**GOAL OF THE EXERCISE:** Leave out every picture and set down, exactly, the lines below from the one holding "Habitación de hotel" up to and including the one holding "View of the".

**RECORD SET:**
::::

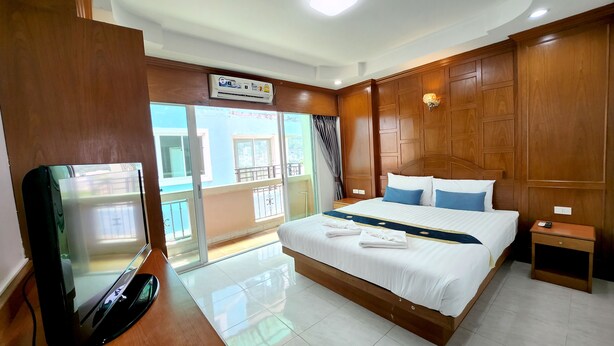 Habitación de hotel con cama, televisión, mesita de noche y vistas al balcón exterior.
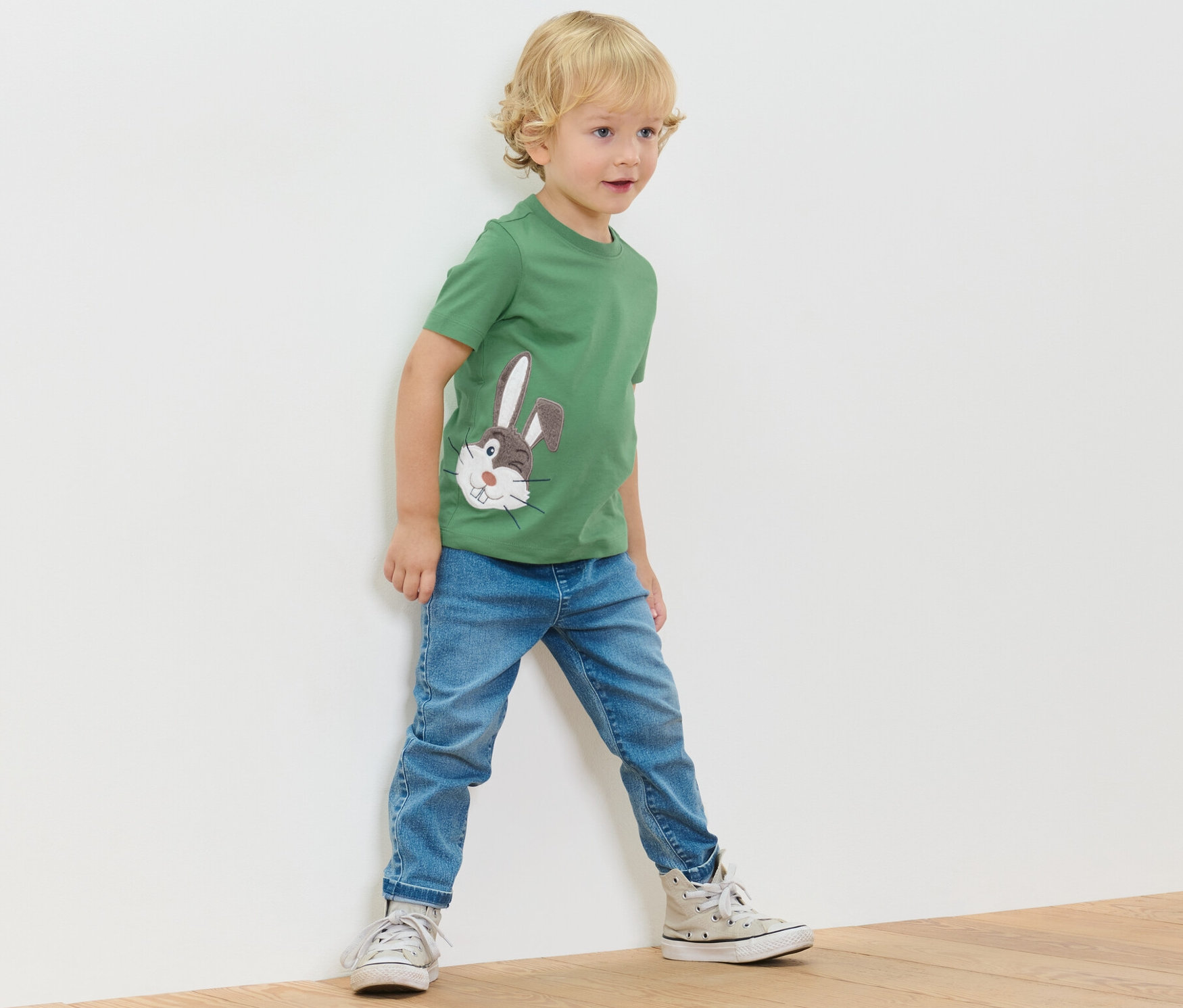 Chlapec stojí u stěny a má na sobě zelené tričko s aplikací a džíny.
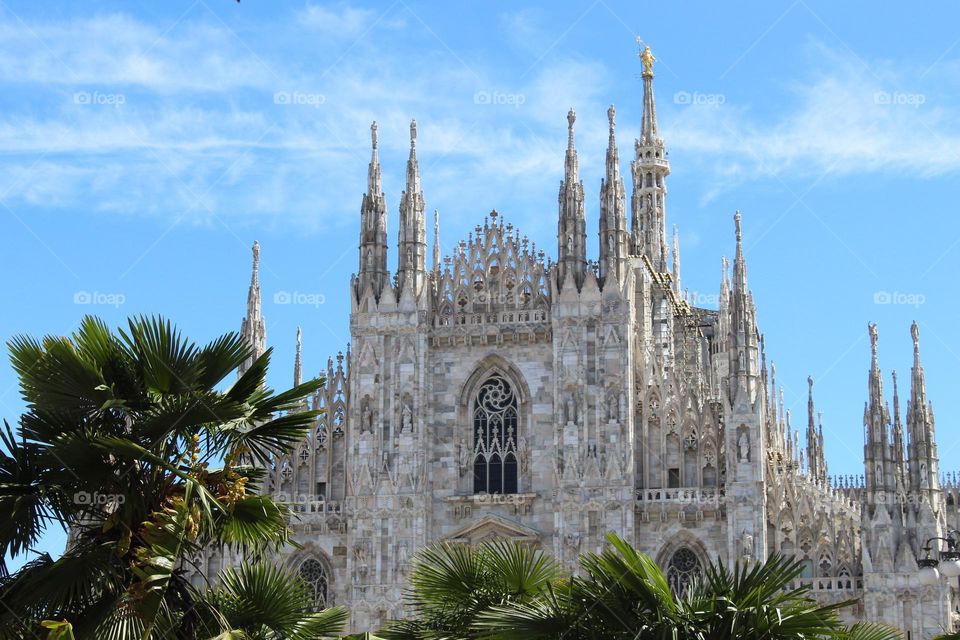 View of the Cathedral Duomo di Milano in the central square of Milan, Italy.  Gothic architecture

::::

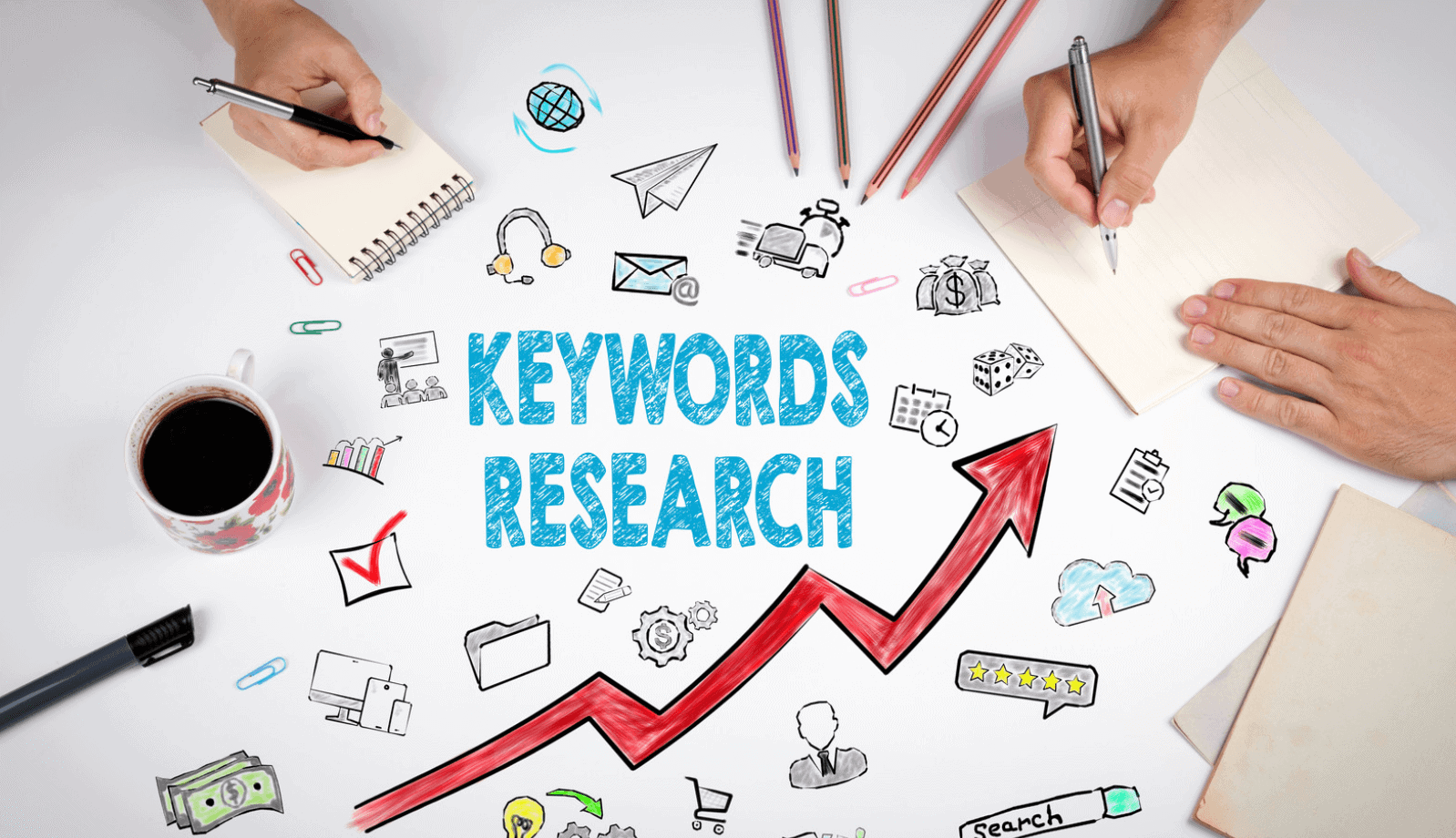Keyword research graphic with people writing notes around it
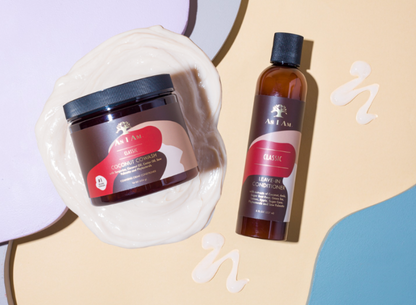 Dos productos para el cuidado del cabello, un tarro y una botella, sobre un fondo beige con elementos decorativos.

::::

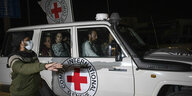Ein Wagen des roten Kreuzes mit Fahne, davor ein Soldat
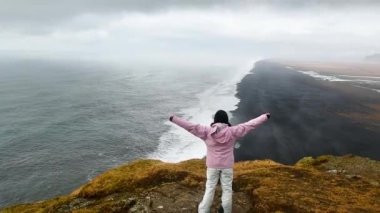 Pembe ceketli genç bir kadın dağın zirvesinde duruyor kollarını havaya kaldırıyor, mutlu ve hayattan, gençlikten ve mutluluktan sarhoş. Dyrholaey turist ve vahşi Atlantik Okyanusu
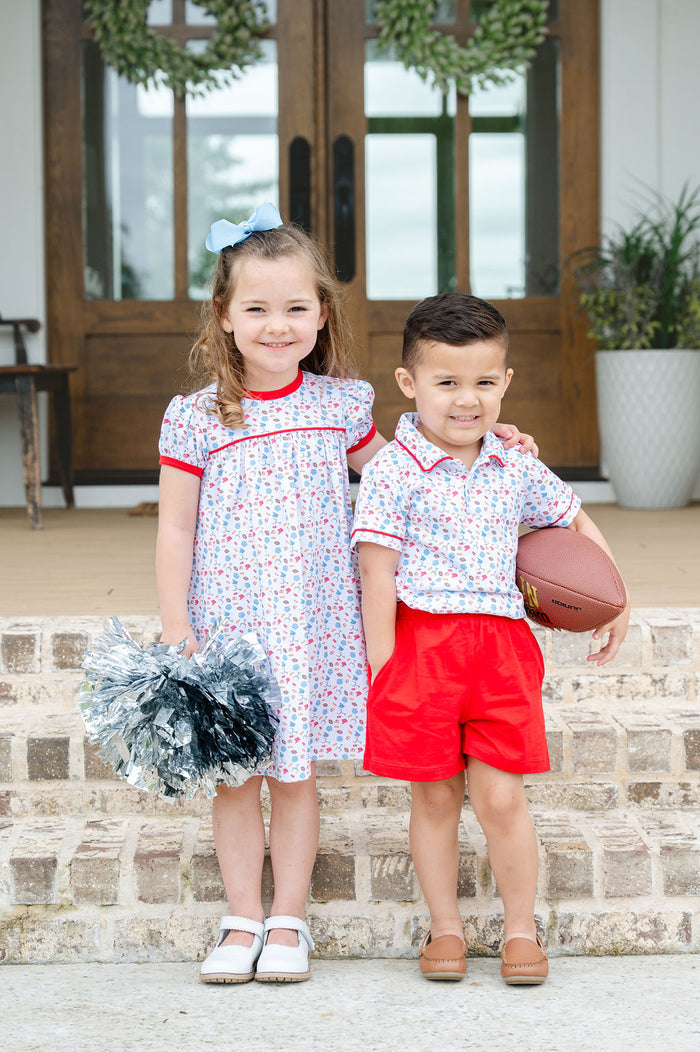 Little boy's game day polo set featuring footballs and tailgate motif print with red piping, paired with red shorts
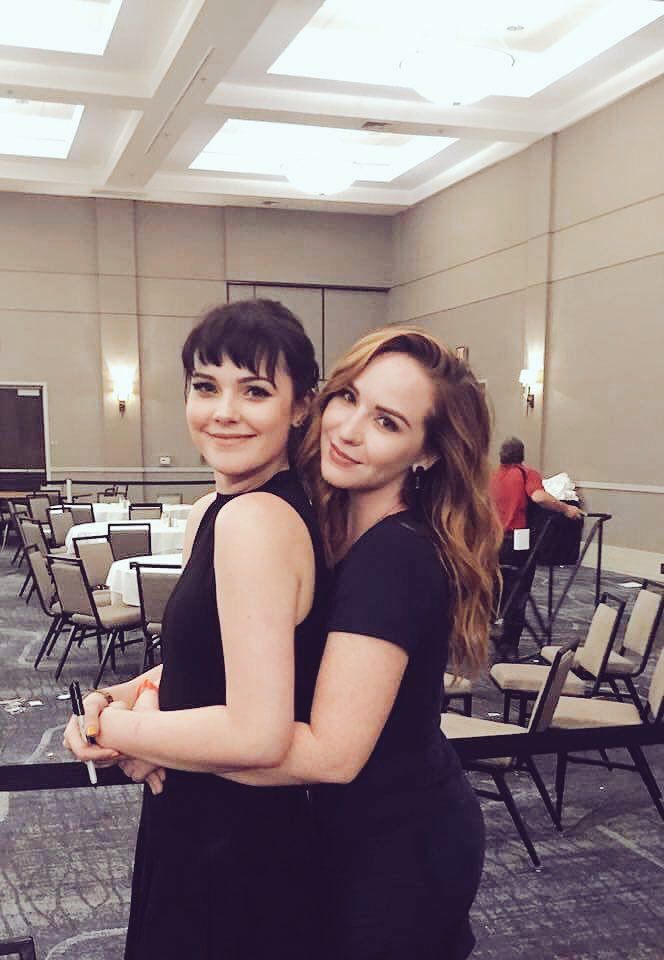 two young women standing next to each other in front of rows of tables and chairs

::::

**RESULT OF THE EXERCISE:**
 Habitación de hotel con cama, televisión, mesita de noche y vistas al balcón exterior.
 Chlapec stojí u stěny a má na sobě zelené tričko s aplikací a džíny.
 View of the Cathedral Duomo di Milano in the central square of Milan, Italy.  Gothic architecture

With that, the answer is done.